Aside from surrendering tax revenue for cannabis-related businesses, proponents of bans would be shifting whatever problems might be associated with such businesses to neighboring municipalities or even to neighboring states. It is obvious that forcing alcohol purchasers to drive for a half-hour each way to reach the nearest liquor store would have undesirable consequences. Why such NIMBYism (“not in my back yard”) is acceptable with cannabis but not alcohol is mystifying.
How the election results shake out will determine the consequences, and there are a number of different possibilities that could emerge. If only a few rural areas adopt bans, they will turn themselves into isolated islands among a sea of retail commerce that passes them by, and the practical effects will be minimal. If a large fraction of the proposed bans are adopted, especially in populous urban communities such as Newport and Woonsocket, then much of the benefits of the Cannabis Act will be lost to the existing black market that will not be brought under a regulatory and tax structure, and widespread defiance of the law will simply continue as it has for decades. If the middle ground occurs and there are many bans enacted but not too many, then the state will have a patchwork of permissive and restrictive areas scattered essentially at random, and customers will take their patronage to nearby retailers who pay taxes to neighboring jurisdictions.
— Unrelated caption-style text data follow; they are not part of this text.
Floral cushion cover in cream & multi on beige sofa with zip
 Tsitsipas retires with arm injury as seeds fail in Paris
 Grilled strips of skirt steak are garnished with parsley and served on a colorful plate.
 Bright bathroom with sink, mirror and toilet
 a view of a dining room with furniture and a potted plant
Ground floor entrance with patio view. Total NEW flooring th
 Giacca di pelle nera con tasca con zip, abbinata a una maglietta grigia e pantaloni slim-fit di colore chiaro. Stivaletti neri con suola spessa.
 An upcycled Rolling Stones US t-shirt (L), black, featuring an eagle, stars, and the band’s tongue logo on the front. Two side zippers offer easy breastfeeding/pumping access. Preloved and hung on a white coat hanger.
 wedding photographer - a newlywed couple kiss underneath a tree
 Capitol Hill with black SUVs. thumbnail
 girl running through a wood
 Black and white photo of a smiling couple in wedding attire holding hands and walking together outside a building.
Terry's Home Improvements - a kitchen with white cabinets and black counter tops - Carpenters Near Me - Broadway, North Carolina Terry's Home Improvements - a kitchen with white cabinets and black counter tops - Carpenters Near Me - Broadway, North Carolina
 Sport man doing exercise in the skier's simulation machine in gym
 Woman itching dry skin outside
Where local bans pass, as the black market and loss of revenue become apparent, there will be pressures to reconsider the bans through referenda at nearly every election in the future, until almost every such ban is repealed. In the meantime, the last vestiges of prohibition will keep struggling, zombie-like, against their inevitable demise.
UPDATE Nov 9, 2022: Of the 31 municipalities considering bans, 25 voted to allow and six voted to deny licensing of new cannabis-related businesses (“RI Election 2022 — Magaziner, McKee, cannabis sales win big: Democrats sweep all state general offices”, by Michael Bilow, Nov 8, 2022).
*(“News Analysis: Cannabis Proposal Focuses on Medical as Lead-In to Recreational“, by Michael Bilow, Apr 1, 2020)
**(“Pot in Every Pot: RI Legalizes Recreational Cannabis”, by Michael Bilow, May 25, 2022).